All that singing and swaggering will take it out of you – Alex Turner came down with a bout of laryngitis shortly after the Arctic Monkeys’ Mercury Prize performance, forcing the band to postpone a string of dates.
Speaking of taking it out of you, Brandon Flowers has recently confirmed that The Killers will be taking some time out following their greatest hits tour – although looking on the brightside, Mr Flowers himself will be working on a solo project.
Ever watched ‘High Fidelity’ while a little bit out of it and decided you want to run your own record shop? If so, be careful on Ebay because there’s one for sale – but it’ll set you back a cool £300,000.
Lady Gaga has had a big week. She’s announced she’s planning on performing in space, and, in even more out of this world news, has been hanging out with Dot Cotton.
This is what Marilyn Manson looks like without makeup. Who knew?

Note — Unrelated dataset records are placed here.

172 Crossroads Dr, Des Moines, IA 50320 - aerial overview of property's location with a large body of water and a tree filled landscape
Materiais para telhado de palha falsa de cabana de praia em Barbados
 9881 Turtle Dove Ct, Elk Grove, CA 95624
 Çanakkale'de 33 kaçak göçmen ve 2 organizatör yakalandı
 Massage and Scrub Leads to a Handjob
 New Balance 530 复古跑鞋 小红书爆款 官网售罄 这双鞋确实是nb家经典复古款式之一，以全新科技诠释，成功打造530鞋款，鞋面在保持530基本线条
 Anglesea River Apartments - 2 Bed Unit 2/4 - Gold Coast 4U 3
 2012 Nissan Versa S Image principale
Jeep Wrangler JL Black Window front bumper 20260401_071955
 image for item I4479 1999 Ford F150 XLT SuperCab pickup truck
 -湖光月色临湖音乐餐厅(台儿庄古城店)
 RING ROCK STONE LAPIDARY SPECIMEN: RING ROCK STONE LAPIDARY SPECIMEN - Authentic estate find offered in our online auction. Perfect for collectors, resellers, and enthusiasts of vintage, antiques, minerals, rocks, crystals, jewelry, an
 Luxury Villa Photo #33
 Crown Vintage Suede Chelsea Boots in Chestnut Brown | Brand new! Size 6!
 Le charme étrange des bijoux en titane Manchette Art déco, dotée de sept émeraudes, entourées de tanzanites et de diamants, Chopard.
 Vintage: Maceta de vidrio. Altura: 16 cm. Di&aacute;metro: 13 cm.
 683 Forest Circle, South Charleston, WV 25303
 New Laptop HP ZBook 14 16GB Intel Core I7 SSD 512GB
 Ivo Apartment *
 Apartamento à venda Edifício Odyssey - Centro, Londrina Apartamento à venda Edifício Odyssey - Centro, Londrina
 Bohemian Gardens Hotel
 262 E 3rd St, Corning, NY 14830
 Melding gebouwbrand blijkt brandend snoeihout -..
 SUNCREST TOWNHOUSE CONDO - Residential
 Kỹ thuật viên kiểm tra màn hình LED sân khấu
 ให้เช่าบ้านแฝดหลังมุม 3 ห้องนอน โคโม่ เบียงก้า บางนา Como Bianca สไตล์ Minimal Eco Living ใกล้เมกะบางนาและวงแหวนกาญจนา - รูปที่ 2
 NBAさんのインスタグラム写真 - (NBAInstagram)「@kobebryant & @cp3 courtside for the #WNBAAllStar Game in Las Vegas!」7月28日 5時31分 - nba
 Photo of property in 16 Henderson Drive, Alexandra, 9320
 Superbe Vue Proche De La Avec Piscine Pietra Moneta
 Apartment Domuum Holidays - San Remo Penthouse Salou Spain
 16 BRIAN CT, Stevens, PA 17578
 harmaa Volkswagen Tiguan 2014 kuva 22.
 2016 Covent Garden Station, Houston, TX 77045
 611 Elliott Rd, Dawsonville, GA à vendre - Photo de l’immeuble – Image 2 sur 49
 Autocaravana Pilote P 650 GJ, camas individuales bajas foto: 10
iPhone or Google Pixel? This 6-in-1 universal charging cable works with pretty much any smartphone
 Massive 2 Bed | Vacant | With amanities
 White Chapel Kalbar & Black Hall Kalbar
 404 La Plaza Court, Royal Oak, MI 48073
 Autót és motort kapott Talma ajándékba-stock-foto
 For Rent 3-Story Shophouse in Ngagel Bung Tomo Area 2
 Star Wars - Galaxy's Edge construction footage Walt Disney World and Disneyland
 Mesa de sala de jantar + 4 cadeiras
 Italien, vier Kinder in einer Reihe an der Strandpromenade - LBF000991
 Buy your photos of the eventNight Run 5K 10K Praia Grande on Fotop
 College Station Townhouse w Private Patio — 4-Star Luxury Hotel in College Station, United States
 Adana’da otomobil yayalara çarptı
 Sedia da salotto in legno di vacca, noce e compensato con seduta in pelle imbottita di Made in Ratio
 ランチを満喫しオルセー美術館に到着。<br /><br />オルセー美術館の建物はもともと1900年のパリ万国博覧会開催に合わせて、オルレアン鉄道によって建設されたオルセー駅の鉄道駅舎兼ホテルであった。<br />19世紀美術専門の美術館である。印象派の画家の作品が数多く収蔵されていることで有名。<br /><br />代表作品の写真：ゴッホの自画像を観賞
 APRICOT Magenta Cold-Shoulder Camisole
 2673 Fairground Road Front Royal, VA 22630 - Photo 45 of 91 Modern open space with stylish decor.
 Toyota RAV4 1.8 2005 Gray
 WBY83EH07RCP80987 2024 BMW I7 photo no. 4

William Orbit had this to say about Damon Albarn: “Put it this way, I’m not going to work with [Blur] again – Damon was really awful. That’s all I’ll say. Let’s put it this way, I wouldn’t care to go back. I wouldn’t be hurrying back to do that album. I didn’t get paid! But, you know, I’m not the first.” Classic Orbit fence-sitting.
Lou Reed’s wife Laurie Anderson published a fittingly beautiful and moving statement about his death, including: “I have never seen an expression as full of wonder as Lou’s as he died.”
Dizzee Rascal has taken to Twitter to bite back at the hand that feeds: Radio 1. Even Wiley got involved, which is unlike the usually taciturn grime star.
Geri Halliwell’s comeback single in Australia sold just 393 copies. Melanie C was rumoured to have almost keeled over with envy.
Eminem has defended his use of the word ‘faggot’, saying that it’s nothing to do with gay people and: “It was more like calling someone a bitch or a punk or asshole.” Hmmm.
Linkin Park have been announced as Download headliners playing their album ‘Hybrid Theory’ from start to finish, a move we can only assuming was solely the result of NME.com’s recent ‘Which Album Would You Like To See Played In Full?’ poll.
Police in Brazil have charged Justin Bieber with illegally spraying graffiti in Rio de Janeiro, because it turns out Justin Bieber really, really wants to be Bart Simpson circa 1993.
Matt Healy from The 1975 has called Johnny Borrell ‘a wanker’. In other news, Matt Healy’s glass house recently completely shattered.
Stevie Nicks says Prince ‘wanted a romance’ with her. So, so sexy in the 80s, kinda less so now.